Iceplant, like palm trees, lush green lawns, and smog, is one of the defining charactaristics of the Southern California landscape. This ground cover is often grown on steep hillsides and sand dunes because it grows voraciously and can survive sandiness and salt, is fire resistant, and supposedly helps hold slopes up. The plant is very hardy and is impossible to get rid of once it is planted because it divides underground. It can be quite beautiful when flowering, coating the charactaristic roadcuts and hillsides of Los Angeles bright pink or purple. Like most things in the area, it doesnt really 'belong' there and adds to that strange, 'plasticy' feeling Los Angeles has. (strange that it is possible to love and hate a place so strongly at the same time, but Los Angeles is a strange place).
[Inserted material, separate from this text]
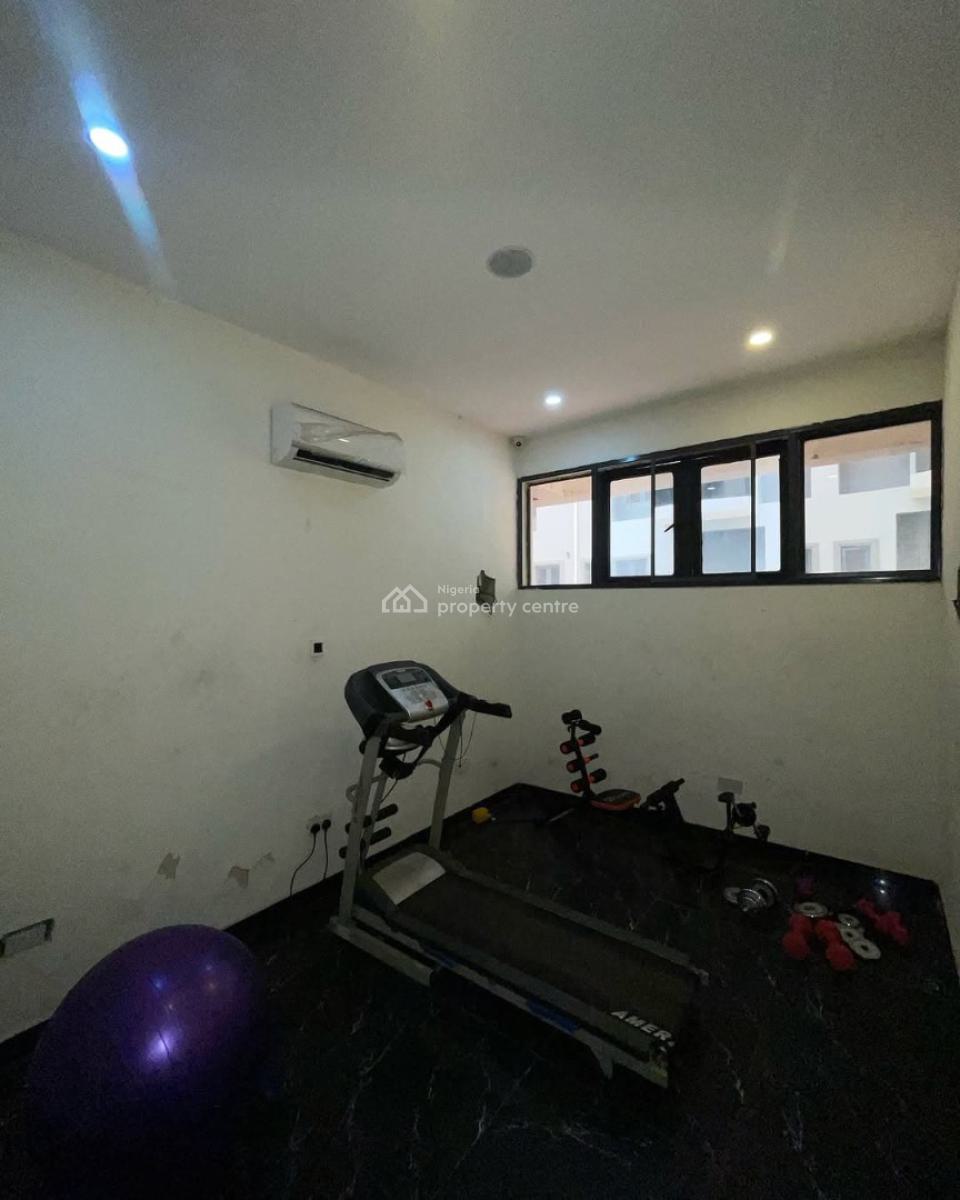 Exquisitely Fully Furnished 2 Bedroom Apartment with Pool and Gym, Osapa, Lekki, Lagos, Flat / Apartment for Rent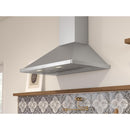 Zephyr Ventilation Hottes de cuisinière ZSI - E30BS - ES - Germain Larivière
The most common species of iceplant is of the Cephalophyllum genus, although there are many different forms of iceplant. It is a succulent, which allows it to be very drought-hardy and also assures that it is not flammable. However, iceplant has shallow roots and is less proficient at stopping mudslides than other, more deeper-rooted plants. Also, the stuff is very invasive and can escape into nature, crowding out native plants. I have spent many hours hand-pulling it out of the last refuge of the palos verdes blue butterfly. If you want something easy to care for, and live in southern California, this stuff is pretty much bombproof. But dont plant it if you're near a natural area or another area you dont want it in.